Would you please output, word for word, the span of the listing below that opens on the line containing "Improvised dance:(in)corporeal knowledges(另開新視窗)" and closes on the line containing "Como Cristo Discipulado (Spanish Edition)"? Include both ends and nothing more.
(EXTRACTED RECORDS begins)
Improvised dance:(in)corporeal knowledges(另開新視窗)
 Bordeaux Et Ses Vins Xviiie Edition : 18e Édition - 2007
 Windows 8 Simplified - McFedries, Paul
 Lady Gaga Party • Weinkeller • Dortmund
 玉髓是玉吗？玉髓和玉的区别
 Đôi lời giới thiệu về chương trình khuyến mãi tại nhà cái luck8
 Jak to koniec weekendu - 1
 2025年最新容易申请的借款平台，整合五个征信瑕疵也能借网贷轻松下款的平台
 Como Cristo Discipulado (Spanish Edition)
(EXTRACTED RECORDS ends)
(EXTRACTED RECORDS begins)
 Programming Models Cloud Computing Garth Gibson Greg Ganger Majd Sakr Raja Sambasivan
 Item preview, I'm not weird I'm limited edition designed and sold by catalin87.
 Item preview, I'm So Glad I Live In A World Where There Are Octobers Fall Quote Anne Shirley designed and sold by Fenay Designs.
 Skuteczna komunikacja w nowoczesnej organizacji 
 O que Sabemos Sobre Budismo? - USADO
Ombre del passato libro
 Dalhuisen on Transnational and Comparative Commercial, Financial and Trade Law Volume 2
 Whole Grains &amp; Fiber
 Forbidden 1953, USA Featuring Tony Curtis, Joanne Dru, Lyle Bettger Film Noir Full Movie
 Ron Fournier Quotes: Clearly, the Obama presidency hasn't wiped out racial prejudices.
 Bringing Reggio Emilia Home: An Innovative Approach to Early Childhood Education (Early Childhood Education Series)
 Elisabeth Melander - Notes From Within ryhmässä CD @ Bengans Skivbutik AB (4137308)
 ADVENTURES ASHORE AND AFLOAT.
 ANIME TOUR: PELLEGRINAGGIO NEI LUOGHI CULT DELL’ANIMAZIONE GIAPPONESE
(EXTRACTED RECORDS ends)
(EXTRACTED RECORDS begins)
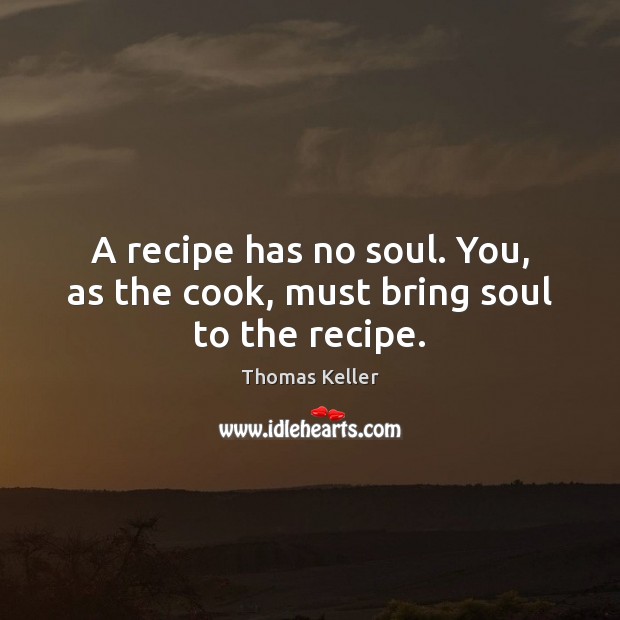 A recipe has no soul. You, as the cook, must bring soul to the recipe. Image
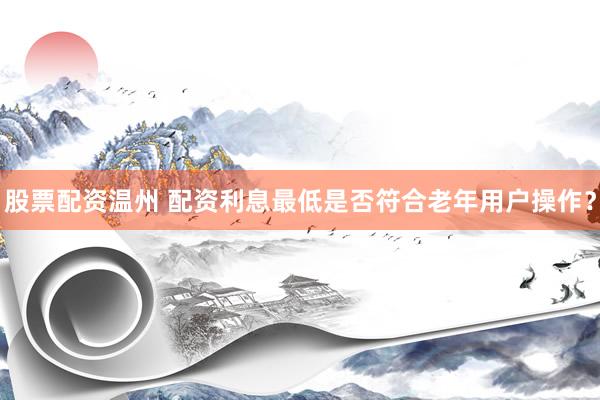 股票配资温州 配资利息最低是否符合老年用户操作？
(EXTRACTED RECORDS ends)
ANSWER TO THIS TASK =>
Improvised dance:(in)corporeal knowledges(另開新視窗)
 Bordeaux Et Ses Vins Xviiie Edition : 18e Édition - 2007
 Windows 8 Simplified - McFedries, Paul
 Lady Gaga Party • Weinkeller • Dortmund
 玉髓是玉吗？玉髓和玉的区别
 Đôi lời giới thiệu về chương trình khuyến mãi tại nhà cái luck8
 Jak to koniec weekendu - 1
 2025年最新容易申请的借款平台，整合五个征信瑕疵也能借网贷轻松下款的平台
 Como Cristo Discipulado (Spanish Edition)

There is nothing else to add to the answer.